● Source material:
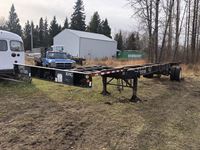 1996   30 Ft T/A Shipping Container Trailer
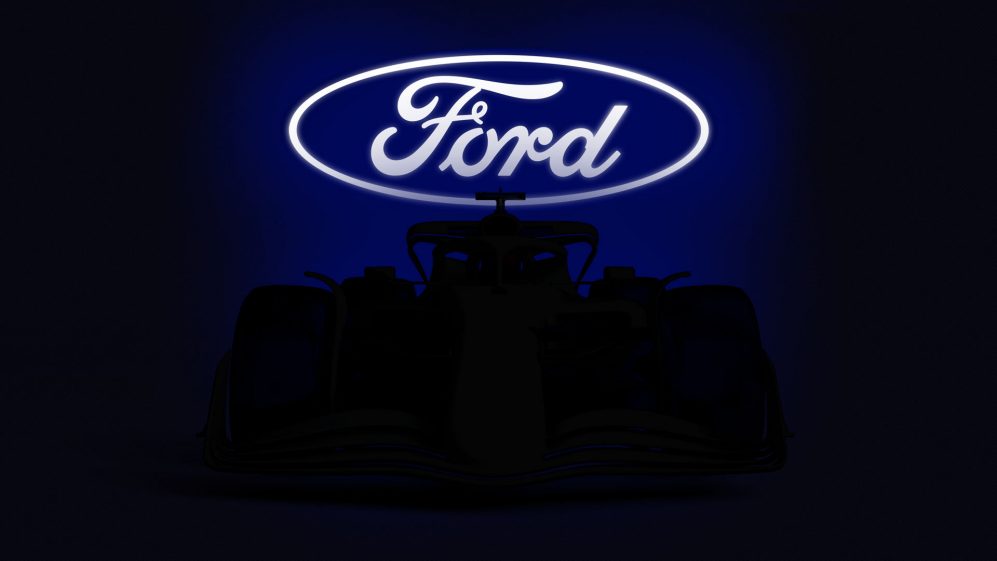 【Racing Focus】重磅回歸！FORD 2026年賽季攜手Red Bull紅牛車隊擴大領先戰力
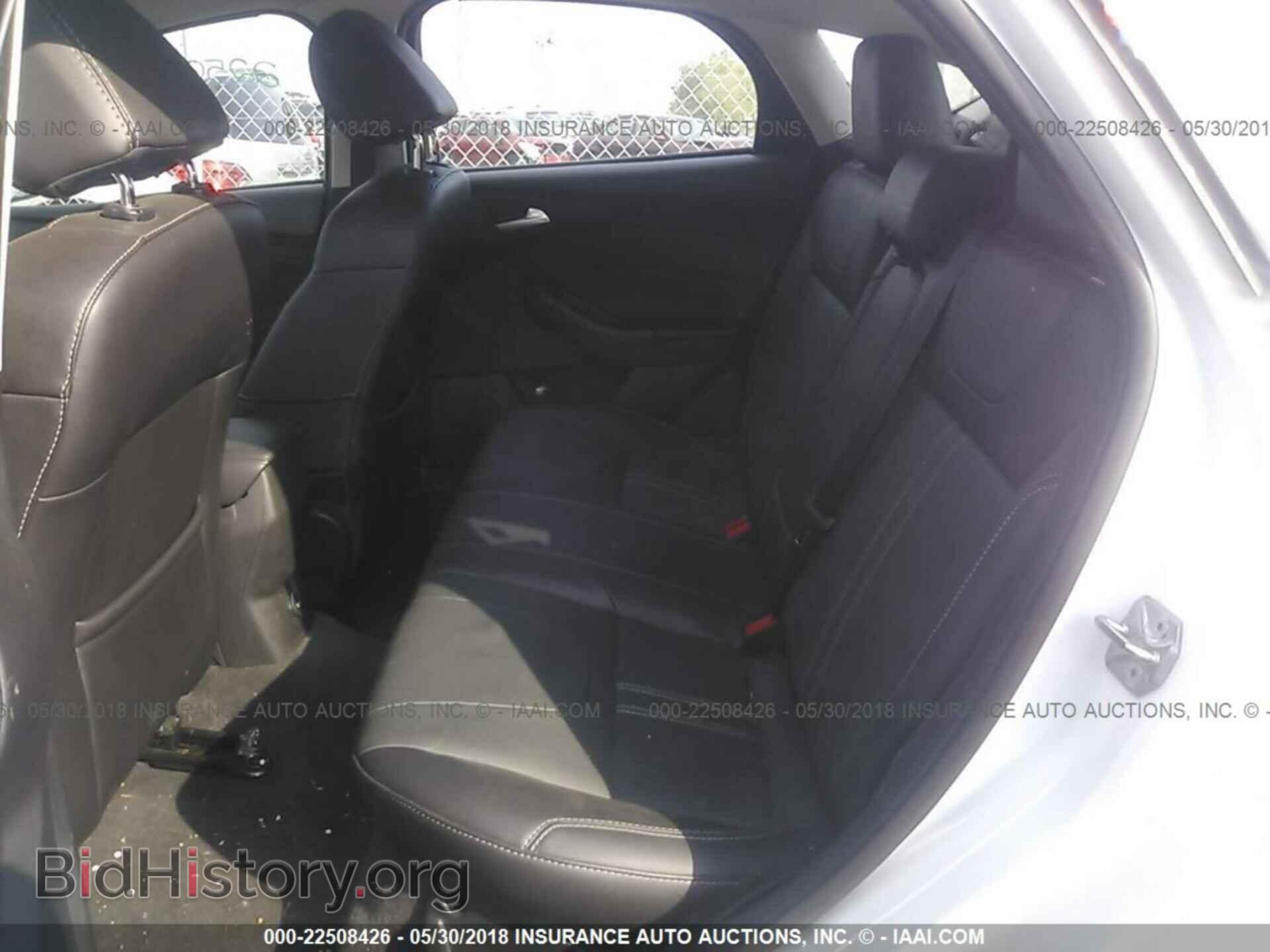 2014 Ford Focus - VIN: 1FADP3K24EL314338 - Photo 8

● Exercise prompt:
The span to retype runs from the line containing "Focus】重磅回歸！FORD 2026年賽季攜手Red Bull紅牛車隊擴大領先戰力" through the last line of the listing above, both ends included; copy it exactly, without pictures.

● Worked solution:
 【Racing Focus】重磅回歸！FORD 2026年賽季攜手Red Bull紅牛車隊擴大領先戰力
 2014 Ford Focus - VIN: 1FADP3K24EL314338 - Photo 8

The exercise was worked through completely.